AN IMPROVED ANODE FOR THE ELECTROLYSS OF BRINES IS COMPRISED OF A CORROSION RESISTANT VALVE METAL SUBSTRATE, A THIN POROUS ADHERENT EXTERIOR COATING OF SILICA, AND BETWEEN THE SUBSTRATE AND EXTERIOR COATING A THIN LAYER OF RUTHENIUM OXIDE.

Description

United States Patent 3,654,121 ELECTROLYTIC ANODE Carl D. Keith, Summit, Alfred J. Haley, Jr., Florham Park, and Robert M. Kero, Cranford, N.J., assignors to Engelhard Minerals & Chemicals Corporation, Newark, NJ.
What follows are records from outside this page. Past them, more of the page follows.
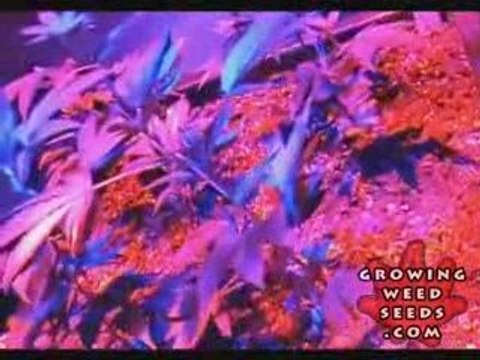 Tips and tricks for growing kush weed with LED lights - 2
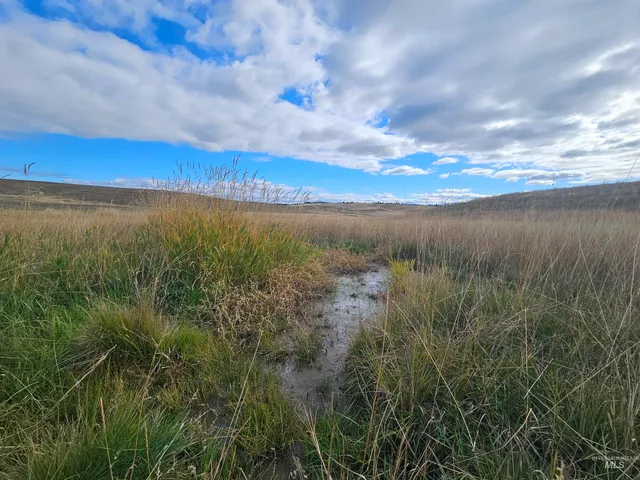 $239,000 | 0 Brown Road, Lenore, ID 83541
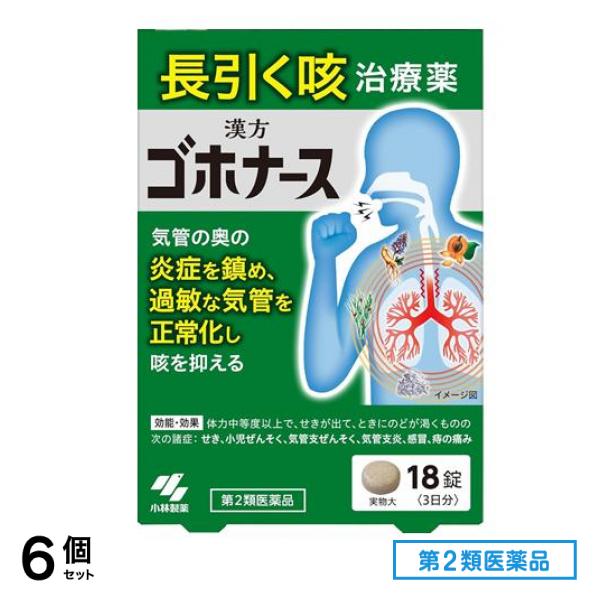第２類医薬品 小林製薬 ゴホナース 18錠 (3日分) 6個セット 4,890円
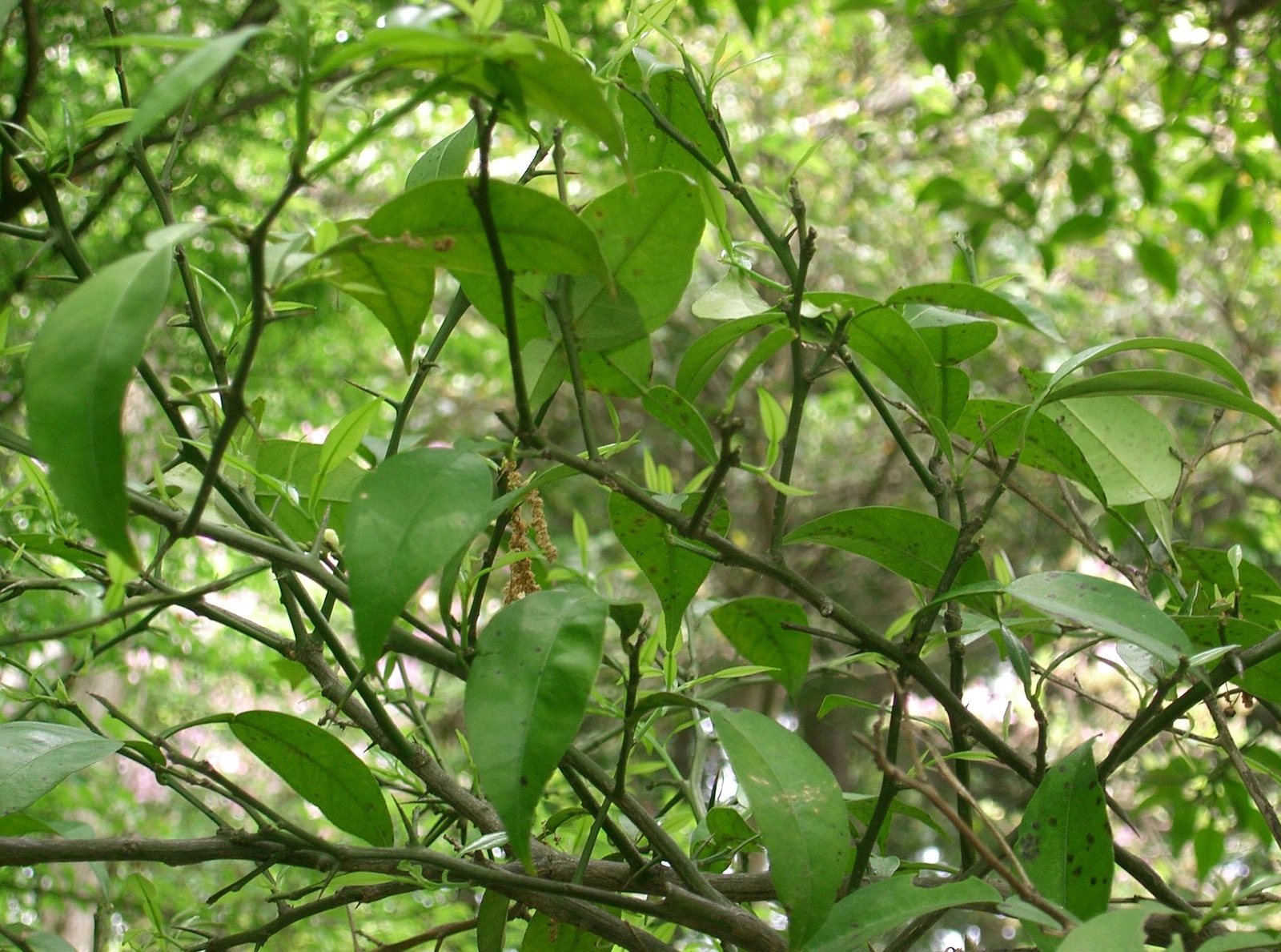Yuzu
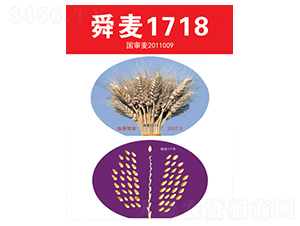 ˴��1718-С������-����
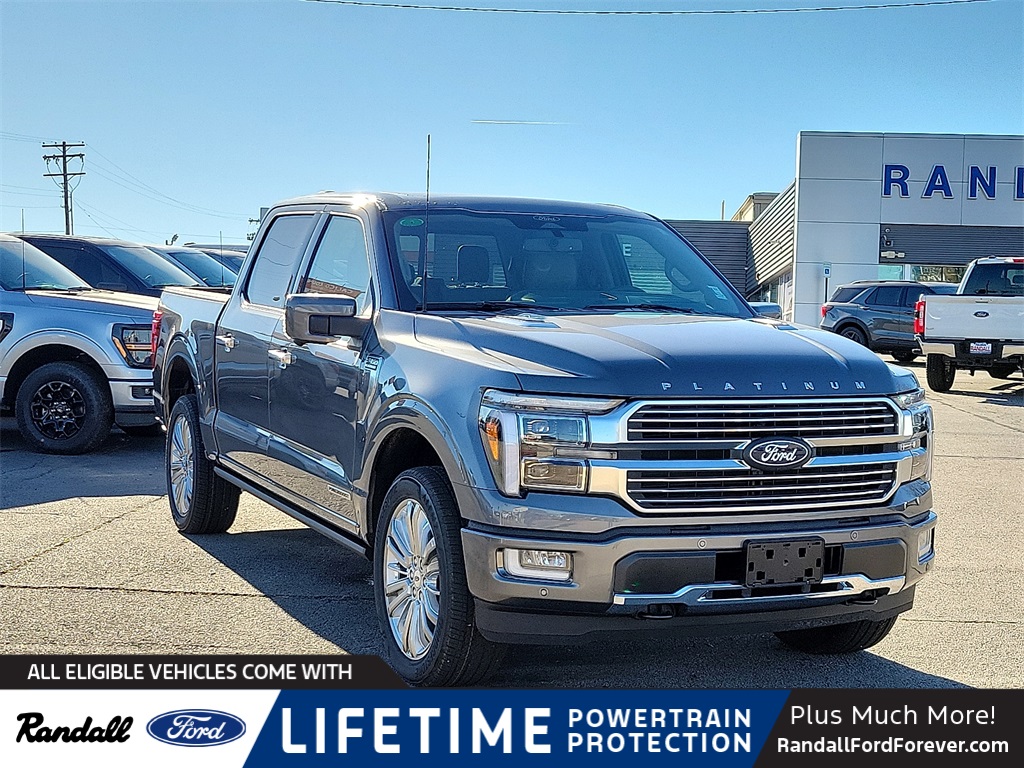 2025 Ford F-150 Platinum's photo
No Drawing. Filed Dec. 23, 1968, Ser. No. 786,438 The portion of the term of the patent subsequent to Dec. 28, 1988, has been disclaimed Int. Cl. B01k 3/04 U.S. 204-290 F 3 Claims ABSTRACT OF THE DISCLOSURE An improved anode for the electrolysis of brines is comprised of a corrosion resistant valve metal substrate, a thin porous adherent exterior coating of silica, and between the substrate and exterior coating a thin layer of ruthenium oxide.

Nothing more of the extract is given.